Goal of the exercise
What you output must match the entries exactly, apart from the pictures, which are left out.

Given records
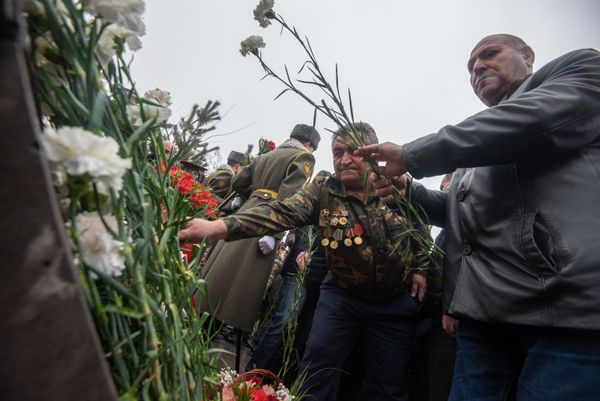 Члены Союза ветеранов войны в Афганистане возложили цветы к обелиску Героям Афганской войны (15 февраля 2019). Еревaн - Sputnik Армения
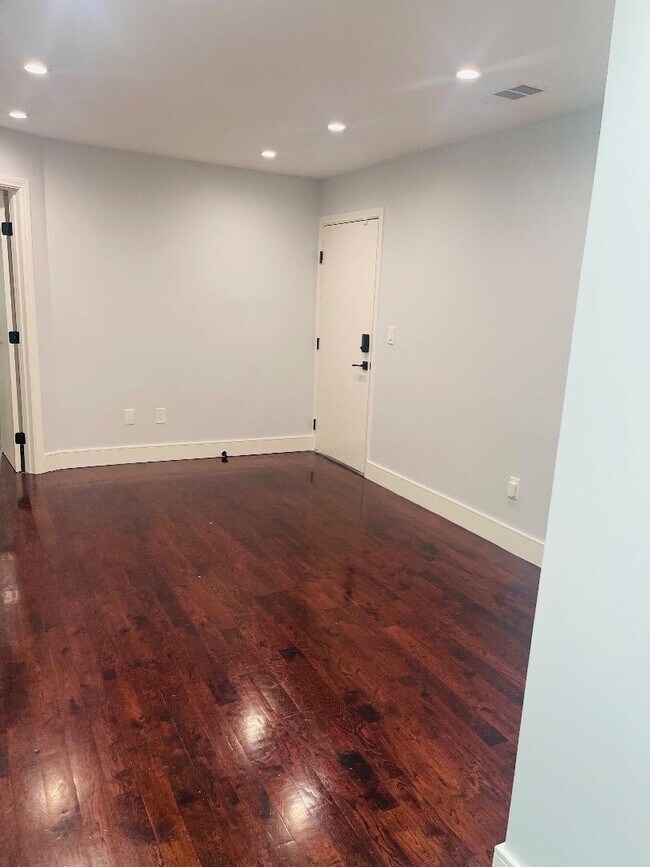 Building Photo - 3495 Meridian Ave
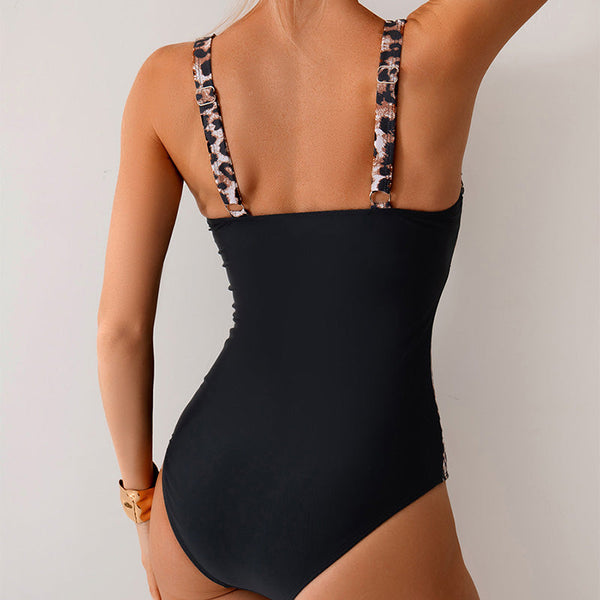 Mercan – Costum de Baie Dintr-o Singură Piesă cu Decupaj în Față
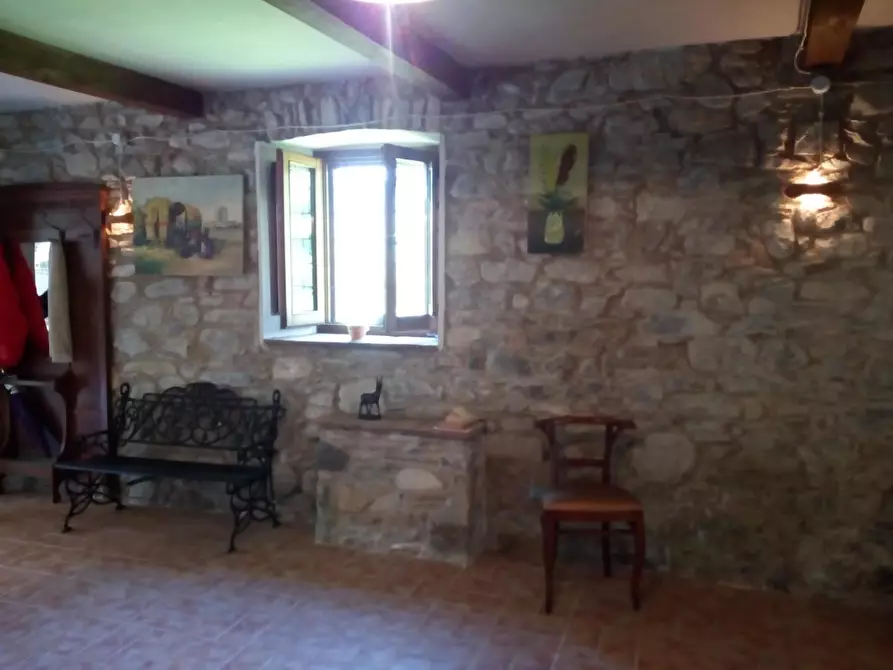 Immagine 6 di Rustico / casale in vendita  a Aulla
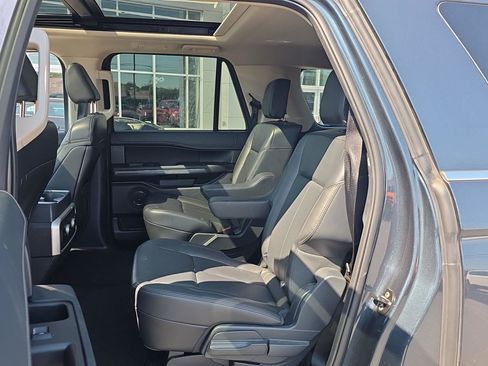 Used 2024 Ford Expedition Max XLT AWD/4WD image 16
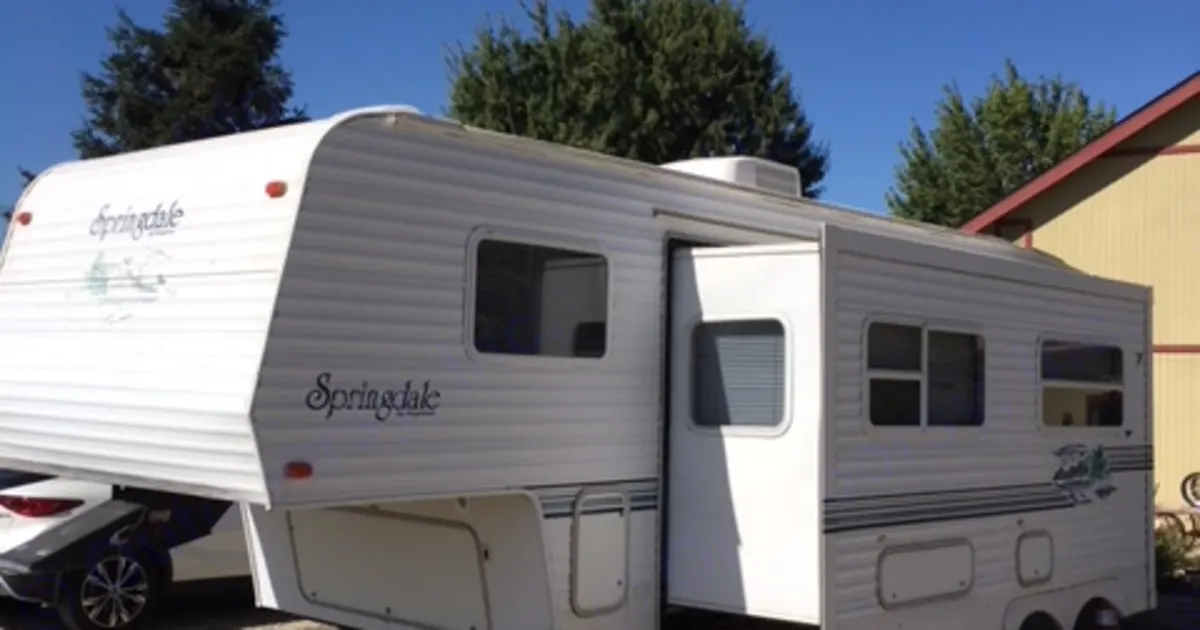 2002 Keystone Springdale Fifth-wheel in Tehachapi, CA | Outdoorsy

Task result
 Члены Союза ветеранов войны в Афганистане возложили цветы к обелиску Героям Афганской войны (15 февраля 2019). Еревaн - Sputnik Армения
 Building Photo - 3495 Meridian Ave
 Mercan – Costum de Baie Dintr-o Singură Piesă cu Decupaj în Față
 Immagine 6 di Rustico / casale in vendita  a Aulla
 Used 2024 Ford Expedition Max XLT AWD/4WD image 16
 2002 Keystone Springdale Fifth-wheel in Tehachapi, CA | Outdoorsy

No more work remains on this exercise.